Career Paths – Predetermined Track or Unchartered Territory?

“Our people want to be clear about career progression”. This demand from their workforce caused many companies a lot of heartache costing money and time – nearly every respected big company undertakes a project called something like “Career paths” or “X (name of the company) Way” or “Build your future with Y” etc. Depending on the company’s size and budget, the project can result in a very sophisticated web site, or a simpler web page, or a comprehensive booklet or even a poster. These would show the possible roles on the company’s career ladder, sometimes listing skills or competencies needed to get there and various testimonials from the people who made this journey. Usually there is a big launch and an expectation that everybody will now be using this site/booklet as the Bible and will stop complaining in engagement surveys that their career progression opportunities have not been made obvious to them. HR is proud that this game-changing project is delivered and can happily include it in the list of massive achievements

What is the issue with “career paths”?
I do not want to discredit efforts of HR to create those – in fact I used to be involved in doing it myself. But now I see 5 big problems with the whole concept of “charting career paths”.

1. Career paths age as soon as they are published – people leave, jobs and their content change, the company’s focus and structure shift.

2. If the paths are made less specific to avoid “aging”, the content becomes too generic, giving the people no new or really useful information. 

3. The testimonials may be interesting (if those providing them were open and personal), yet they are not really relevant, as it is difficult to repeat somebody else’s experience. Those who want to become a Sales Director now, probably don’t need to start their sales career selling second hand cars.

4. The beautifully structured paths do not prepare people for an ever changing business environment, where restructure or changing business model are always “in the air”. In fact, the paths might become counterproductive, as they anchorpeople into keeping things as they are: to be able to follow the coveted path, the least thing you want is to disrupt the current organisation. 

5. The most important thing though is that all the hard work of creating the “paths” does not seem to answer the questions people wanted answered in the first place

What do people really want?
Talking to those who asked for “career progression” clarity, here are the things that I’ve heard:
- I want to know what opportunities are available to ME
- I want to know how I can be promoted and what exactly I have to do to ensure it happens
- I want to understand how much I will be paid if I take this role
- I want to feel that MY future is certain and guaranteed
- I want to be able to decide if MY future is better with this company or elsewhere

Can Career Path charting deliver the above?

Very few of these requests can be delivered by generic material describing the content of the current roles available in the organisation,or other people’s careers. Even if you list the qualifications and skills required for a particular job now, unless a person applies for it within 6 months, the expectations are likely to change, and anyway the promotion is not guaranteed for any individual with these qualifications.
It is helpful to know that a role that seems interesting and suitable in principle exists in the organisation, but this is not want people asked for.
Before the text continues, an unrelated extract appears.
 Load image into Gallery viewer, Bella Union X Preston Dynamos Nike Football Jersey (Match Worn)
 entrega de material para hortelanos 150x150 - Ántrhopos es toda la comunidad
So, how can you really help?
The main reason for companies trying to chart career paths is a laudable desire to help the employees to deal with ambiguity and uncertainty of the future. Most of us feel better when we know exactly what to expect. However, by setting to eliminate the ambiguity, the well-meaning employers are doomed to fail - it is just not possible in our VUCA world. So don’t sell them a dream that probably wont come true. The better way is not to try to eliminate ambiguity, but help people accept and adapt to it.

1. Talk about skills needed for the future, not the “jobs” you will have guaranteed.
Encourage people to learn new things and discover something that current successful managers do not even know. Shift from Employment to Employability– if a person has more future oriented skills, the chances are they will be in demand, both within the company and outside (yes, be brave to admit it, your employees will consider it anyway).

2. Introduce the concept of Job crafting.
If someone has the skills and motivation to do something useful for the business, which was not done before – why limit them by existing titles, grades and structures. Welcome ideas and help create new roles and teams to support them.

3. Create and promote tools for improving employees self-awareness.
Rather than copying someone else’s experience or following the market trends, to be more successful in what they do, people should base their choices on their own individual strengths and motivations.

4. Build a culture of constant career conversations.
To keep up with changes in business context and strategy as well as with changes in individual development and ambitions, it is vital to have regular checks. Train the managers to have a tailor made approach to individual careers, coaching their people to find the next steps that are good for them and the organisations.

5. Provide support for those anxious about the future.
It is true that uncertainty is uncomfortable. Do not infantilise people by giving them a false sense of security, instead, invest into communication and learning opportunities about dealing with change and ambiguity.

What is certain is that readiness to learn and change will be key for success in the future - as well as ability to see your future career not as a predetermined track, but an unchartered territory full of exciting new opportunities yet to be discovered.